Requirement:
Give again, word for word, each line of the data from the first through the one containing "Celestial Whispers: The..". Pictures stay out.

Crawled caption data
Segment Open

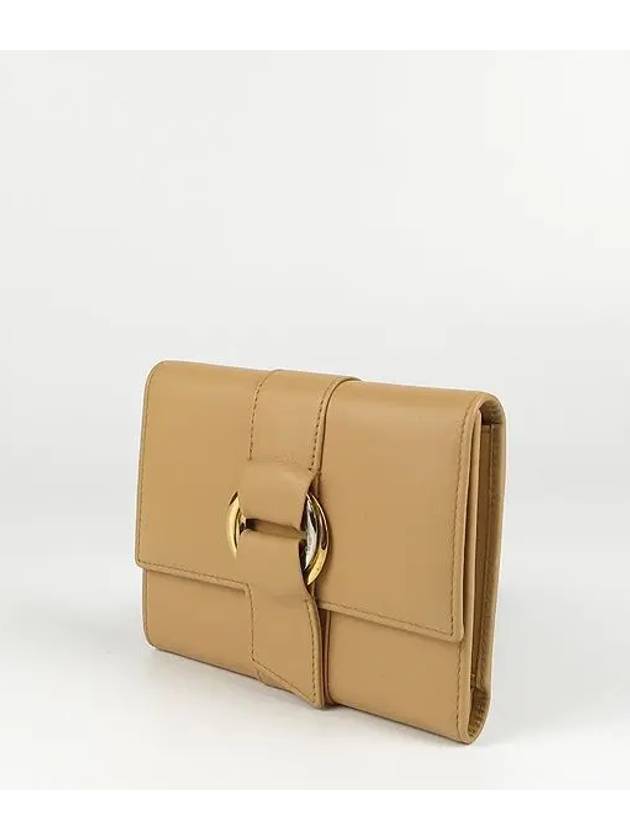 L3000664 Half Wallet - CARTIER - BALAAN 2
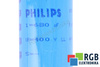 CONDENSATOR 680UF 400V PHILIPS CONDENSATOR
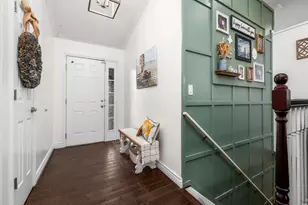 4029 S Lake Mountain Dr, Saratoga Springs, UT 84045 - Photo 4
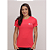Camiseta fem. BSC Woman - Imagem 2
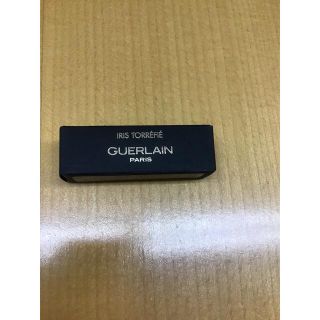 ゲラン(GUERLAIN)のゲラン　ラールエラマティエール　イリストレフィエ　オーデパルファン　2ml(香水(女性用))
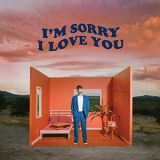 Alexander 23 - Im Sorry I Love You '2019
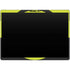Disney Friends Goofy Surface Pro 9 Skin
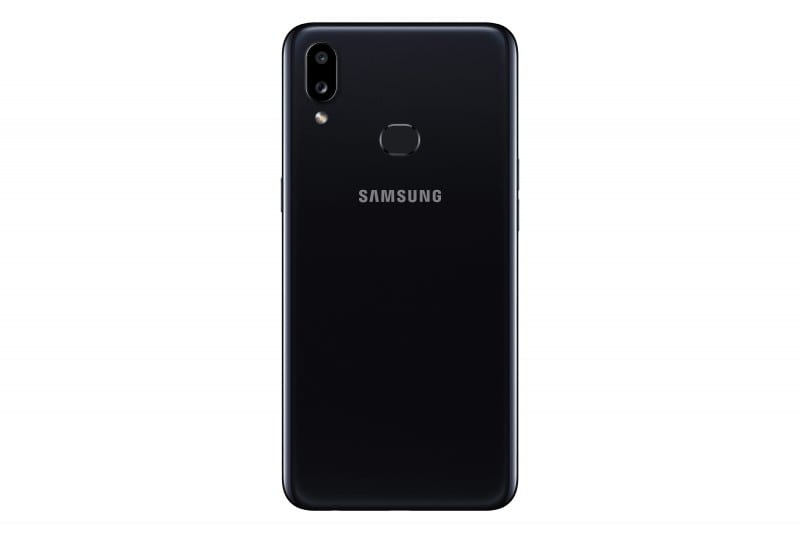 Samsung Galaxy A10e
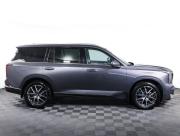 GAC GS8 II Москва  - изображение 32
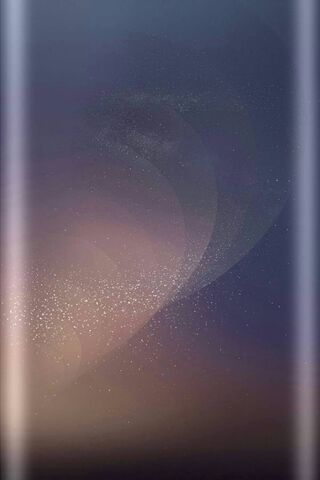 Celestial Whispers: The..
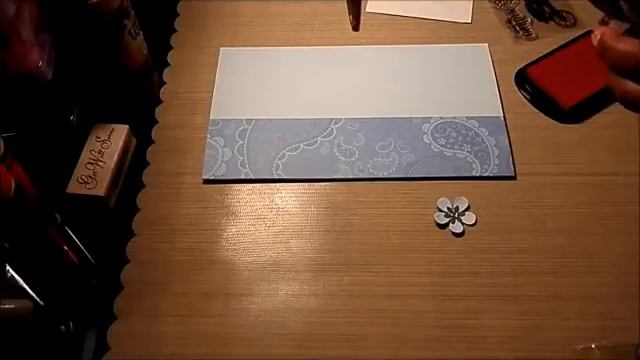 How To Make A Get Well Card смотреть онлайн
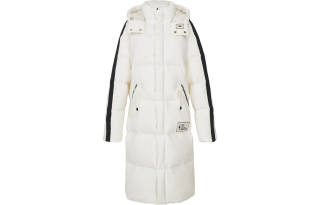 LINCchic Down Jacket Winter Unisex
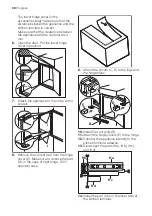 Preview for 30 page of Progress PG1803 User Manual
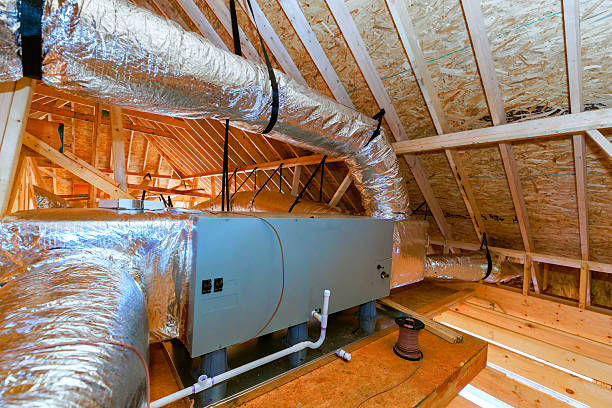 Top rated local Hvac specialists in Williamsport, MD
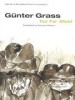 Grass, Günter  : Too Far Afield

Segment Closed

Written response:
 L3000664 Half Wallet - CARTIER - BALAAN 2
 CONDENSATOR 680UF 400V PHILIPS CONDENSATOR
 4029 S Lake Mountain Dr, Saratoga Springs, UT 84045 - Photo 4
Camiseta fem. BSC Woman - Imagem 2
 ゲラン(GUERLAIN)のゲラン　ラールエラマティエール　イリストレフィエ　オーデパルファン　2ml(香水(女性用))
 Alexander 23 - Im Sorry I Love You '2019
Disney Friends Goofy Surface Pro 9 Skin
 Samsung Galaxy A10e
 GAC GS8 II Москва  - изображение 32
 Celestial Whispers: The..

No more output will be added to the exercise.